Et les calculs de Bergé l’homme d’affaires ne s’arrêtent pas là. Alors que la haute couture commence à pâtir, celui-ci prend conscience de la nécessité du prêt-à-porter. Dans un quartier chic de Paris, il fait ouvrir la première boutique de la grande maison. Bonne idée pour donner le goût du luxe à une large panoplie de dames. En cela, il devient l’un des principaux déclencheurs de l’empire industriel de la mode.

Gauche caviar

Par ailleurs, les manœuvres économiques ne vont pas sans quelques amitiés du côté politique. Pierre Bergé admire et soutient François Mitterrand. C’est un petit monde d’arrangements et de prestiges qui se met en place. Mitterrand couvre de gloire la couture d’Yves Saint Laurent pour offrir à ses amis une bonne promotion. En échange, Bergé dope sa campagne présidentielle pour un second septennat. Sans compter l’amour commun de la littérature entre le président et lui. Tous les éléments sont alors rassemblés pour donner naissance au nec plus ultra de la fameuse gauche caviar.

Ces mondanités marchent avec leur lot d’orgies et de fêtes. Ses soirées, le couple les passe au Sept, club chaud et huppé. L’alcool y coule à flots. La drogue ne manque pas. Pierre est plus solide, il sait se préserver. Yves, faible, y succombe. Les plaisirs de la chair et des sens le perdent. Son compagnon tient néanmoins le cap. Pour l’entreprise, la réputation, l’argent et sans doute un peu d’amour.
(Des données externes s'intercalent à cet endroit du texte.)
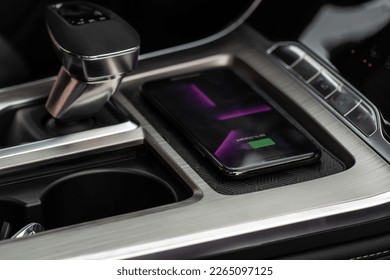 Wireless mobile charger in the modern car. Portable wireless car charger for smartphone.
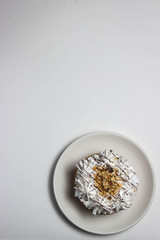 Cake with white cream and nut crumbs on a white saucer. The cake is located on the right below in the photo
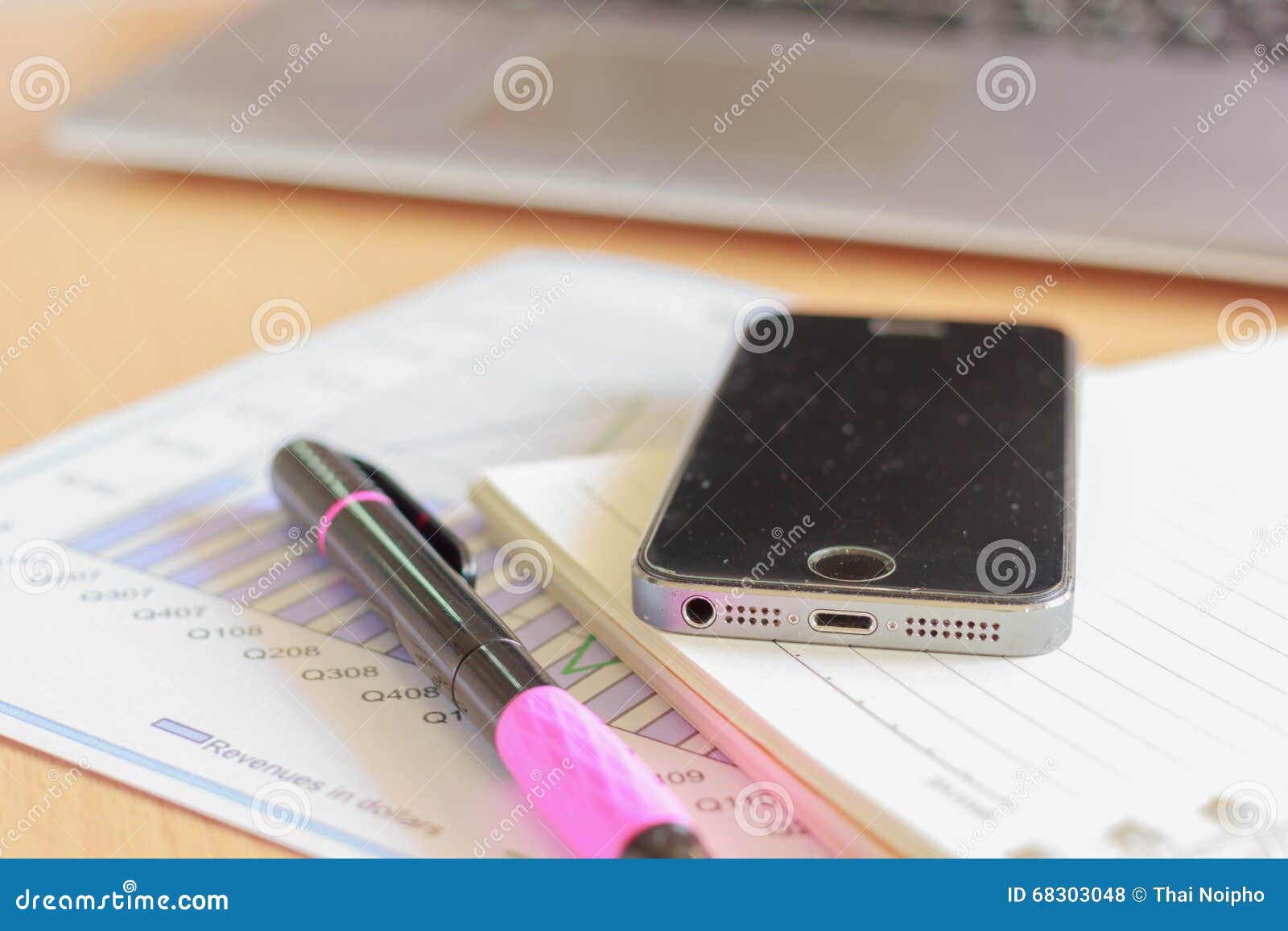 Assorted Office Supplies Such As Mobile, Pen and Diary Stock Photo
A l’image des couples modernes, la dépendance devient telle qu’Yves Saint Laurent déclarait: «Sans toi, je ne serais peut-être pas celui que je suis. Sans moi, je ne l’espère pas mais je le pense, tu ne serais pas ce que tu es. Ce grand aigle à deux têtes qui cingle les mers, dépasse les frontières, envahit le monde de son envergure sans pareil, c’est nous.»

Militantisme

Enfin, le militantisme de l’homme de fortune ne peut pas être oublié. En 2009, il vendit une grande part de sa collection d’art pour des fonds utiles à la lutte contre le sida. Il s’investit par la suite dans la création du mariage gay sous Hollande, ainsi que la GPA et la PMA. Ces bouleversements sociétaux, Pierre Bergé ne les provoqua pas sans violence et cruauté. Au moins, il resta fidèle et cohérent à son projet; tout le monde le reconnaît.

Cet engagement bénéficie également d’un microphone depuis 2010, lorsque le magnat de la haute couture racheta le groupe du journal Le Monde. Il a ainsi doté ses visions de changements de l’un des plus grands journaux de l’Hexagone. Coup de fin stratège, c’est certain.

Pierre Bergé incarnait l’époque. Sa pensée, ses désirs et sa philosophie demeurent en trace profonde dans la société actuelle. Avec un brin de tendresse, beaucoup d’excès, une ambition certaine et d’insatiables caprices.